I would recommend that you also try the sorting approach, as it is very simple to implement. It provides an ordering that is usually reasonable, for very little effort. Simply calculate the weighting for each node, which is X + .01* Y or Y + .01 * X and use an indexed quick sort, such as DSORT@. Then apply your profile test and use this as a reference to be improved.
How does the air gap element affect the connectivity? If it is a general element with broad connectivity, you might need to delay the equations associated with this interface to the end, creating a V shaped profile. With profile solvers, it is the average and not the maximum profile which is important. It all depends on how many equations define the air gap linkage between the 2 parts of the model. This is like a substructure approach for the two sections of the model.
Some ideas that might work ?

John

[jjgermis]

Hi John,

thanks for your advice. You have addressed some aspects which I will consider - especially to use the sorting approach as a reference.

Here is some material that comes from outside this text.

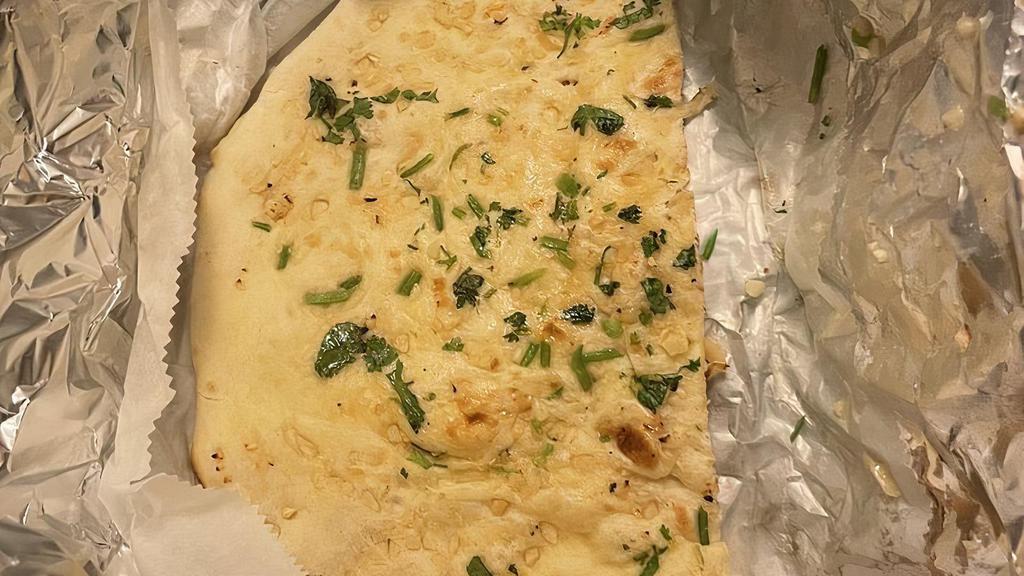 Garlic Naan · Indian bread stuffed in garlic and cilantro baked in tandoor.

I do this as a sort of side track. For the moment everything is working fine. For me to make improvements I first have to understand the process. For this reason I identified some parts - the renumbering of the nodes is one topic. We have little documentation of the code.

Many online examples are based on structural engineering problems - little is available for electrical machines. Even though the solving process is the same, I find it difficult to work through the examples.

We use for example the direct solver from FEAPpv

[jjgermis]

The FEAPpv is based on a well written book on basic FEM.

Working through the papers of Evertine, Gibbs and Sloan one needs to take care of the (exact) definitions of bandwidth, profile and wavefront. Especially the definition of wavefront is still not clear to me. All my references define the same thing in diffrent ways (this is also a comment in the paper by Evertine).

One can define a lower and upper bandwidth for the lower and upper triangle respectively. The wavefront seems to me like the "row bandwidth"
of the upper triangle.

[jjgermis]

The little eps-format "viewer" works fine and saves a lot of time. Using LaTeX I can write the necessary files to include the graphics (including the eps files) without any effort - no additional scripts of programs.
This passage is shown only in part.